Royal Navy could send more warships to Gulf as Iran issues another threat following British tanker gun standoff – The Sun
THE Royal Navy may send more warships to protect British tankers in the Gulf after Iran issued another threat following a tense tanker gun standoff.
The news comes after three Iranian gun boats swarmed passing oil tanker British Heritage late on Wednesday in an illegal bid to force it into enemy waters.
Iran's elite Revolutionary Guard tried to take control of the vessel as it passed through the Strait of Hormuz – sparking a tense standoff in the Persian Gulf, US officials revealed.
The Royal Navy frigate HMS Montrose – which was escorting the tanker through the flashpoint region – was forced to sail in front of the boats.
After quickly training its 30mm deck guns on the enemy boats, deploying its Wildcat helicopter and issuing a radio warning, the Iranian boats scarpered.
Currently the UK has HMS Montrose and four minehunters in the region – insufficient numbers to shadow every British tanker passing through.
Sources said Top Brass will have to decide whether to send a Destroyer to the region to enforce international rules amid feverish tensions between Iran and the West.

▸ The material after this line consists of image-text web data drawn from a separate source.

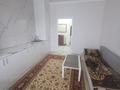 1-бөлмелі пәтер · 47 м², мкр. Алтын орда 356, бағасы: 130 000 〒 в Актобе — фото 5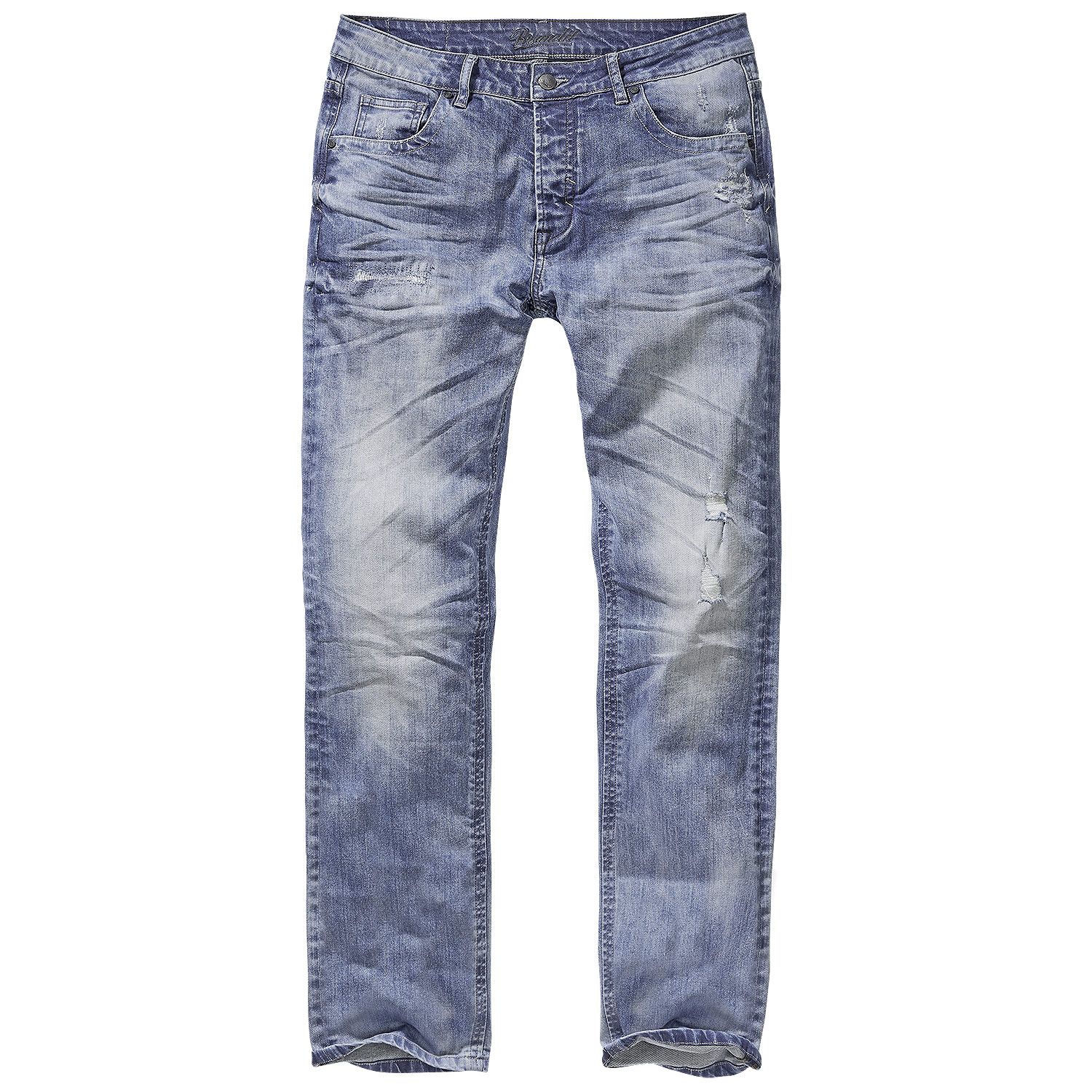 Will Denimtrouser Jeans Hose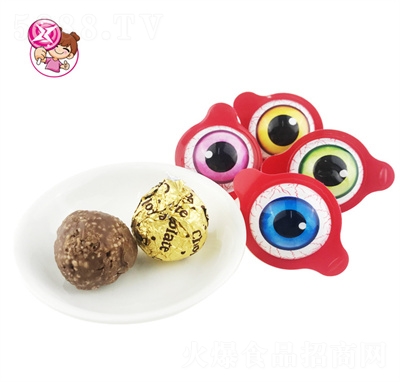 ��չ3D����۾��A���ɿ�����(chu��ng)�������ǾW(w��ng)�t�ǹ�ɢ�b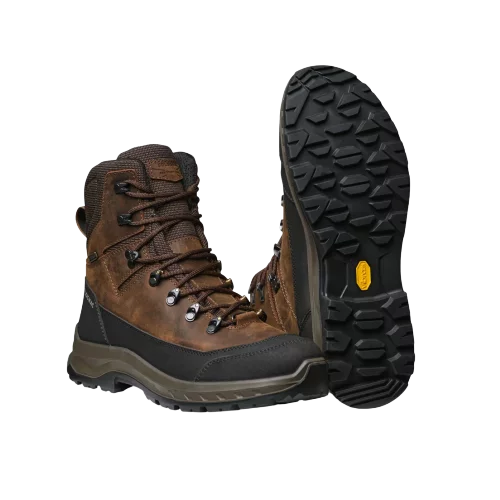 Solognac V2 Crosshunt V2 Jagdstiefel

Meanwhile, the Department for Transport has issued new guidance to all British-flagged commercial ships to go to a heightened state of security in the Strait of Hormuz, Sky News reported.
A defence source said Iranian patrol boats were "being aggressive towards them".
While the UK is determined not to raise tensions – insiders admitted the Government must reassess its Naval footprint in the region.
A source said: “This illegal incident has sharpened minds. The Naval contribution kept in the region is kept under constant review.”
Iran has vowed to seize a British tanker after Royal Marines captured one of theirs last week off Gibraltar amid fears it was transporting oil to Syria in breach of sanctions.
Responding to the major escalation on Wednesday evening, a UK Government Spokesperson said: “Contrary to international law, three Iranian vessels attempted to impede the passage of a commercial vessel, British Heritage, through the Strait of Hormuz.
“HMS Montrose was forced to position herself between the Iranian vessels and British Heritage and issue verbal warnings to the Iranian vessels, which then turned away.
“We are concerned by this action and continue to urge the Iranian authorities to de-escalate the situation in the region.”
Foreign Secretary Jeremy Hunt said the UK would monitor the situation "very carefully".
While Prime Minister Theresa May's official spokesman said the government was "committed to maintaining freedom of navigation in accordance with international law".
Defence Secretary Penny Mordaunt said the government was concerned by the incident and urged the Iranian authorities to "de-escalate the situation".
According to the anonymous officials, the Montrose came up from the rear of the tanker and aimed its weapons at the Iranians – before issuing a verbal warning to get away.
One of the officials said: "The Royal Navy HMS Montrose, which was also there, pointed it guns at the boats and warned them over radio, at which point they dispersed."
The other added: "It was harassment and an attempt to interfere with the passage."
A US aircraft was flying overhead at the time and recorded footage of the standoff, the officials said.
The attempted capture comes just days after British Royal Marines seized an Iranian crude oil supertanker off Gibraltar.
Commandos dramatically detained the Grace 1 tanker over suspicions it was carrying oil to its ally Syria in violation of EU sanctions last week.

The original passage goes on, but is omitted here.